Exercise prompt:
Below is a listing with pictures. Repeat exactly the lines starting at the one holding "上海最新租房信息-上海最新租房价格" and going on through the one holding "Автоматизированные линии печенья .", and leave every picture out.

Material provided:
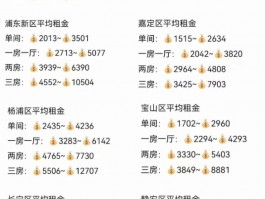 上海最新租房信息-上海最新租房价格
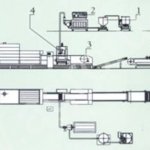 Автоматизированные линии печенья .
...
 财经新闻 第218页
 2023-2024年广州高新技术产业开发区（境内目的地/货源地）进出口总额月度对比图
---
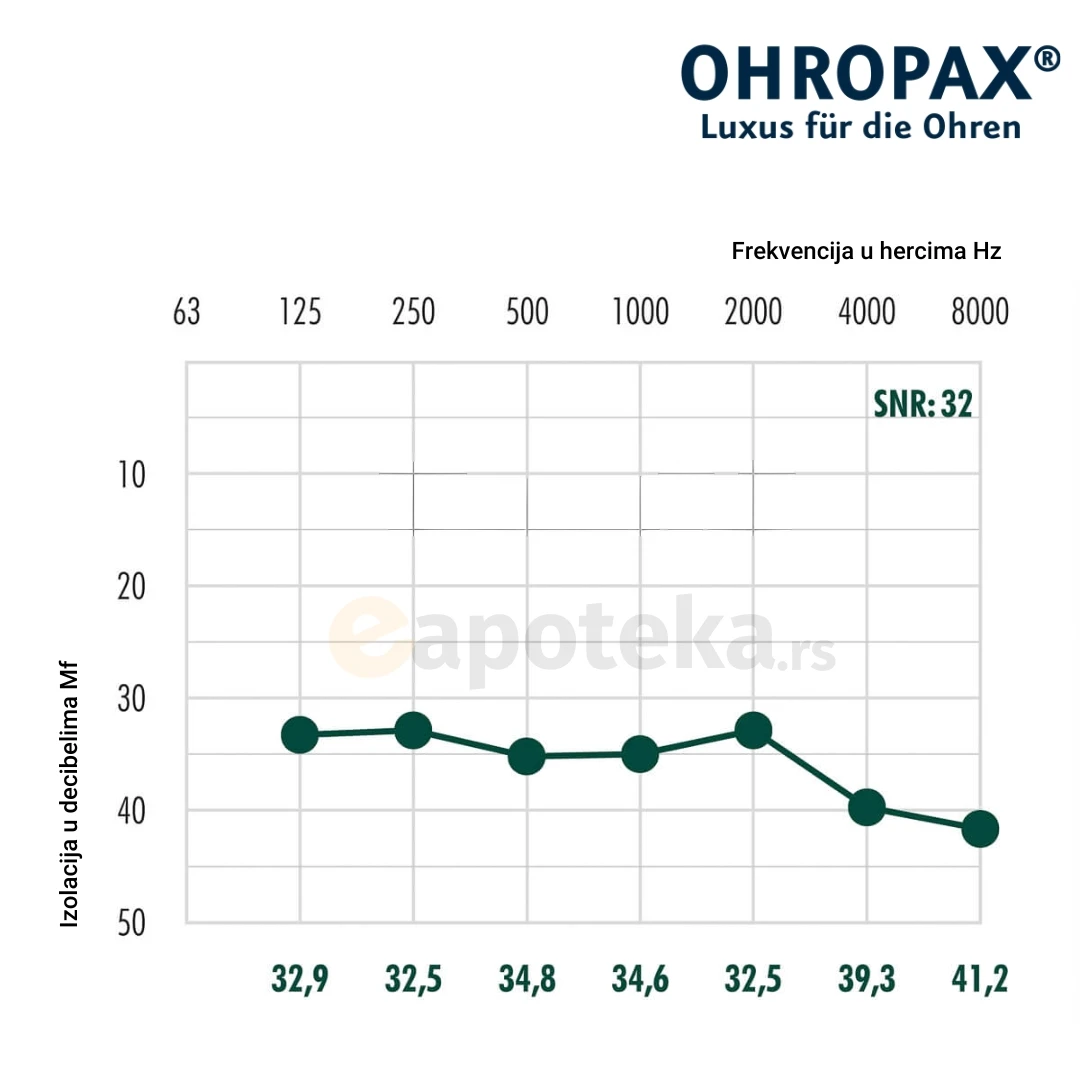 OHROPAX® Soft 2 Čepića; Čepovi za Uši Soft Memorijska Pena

Response:
 上海最新租房信息-上海最新租房价格
 Автоматизированные линии печенья .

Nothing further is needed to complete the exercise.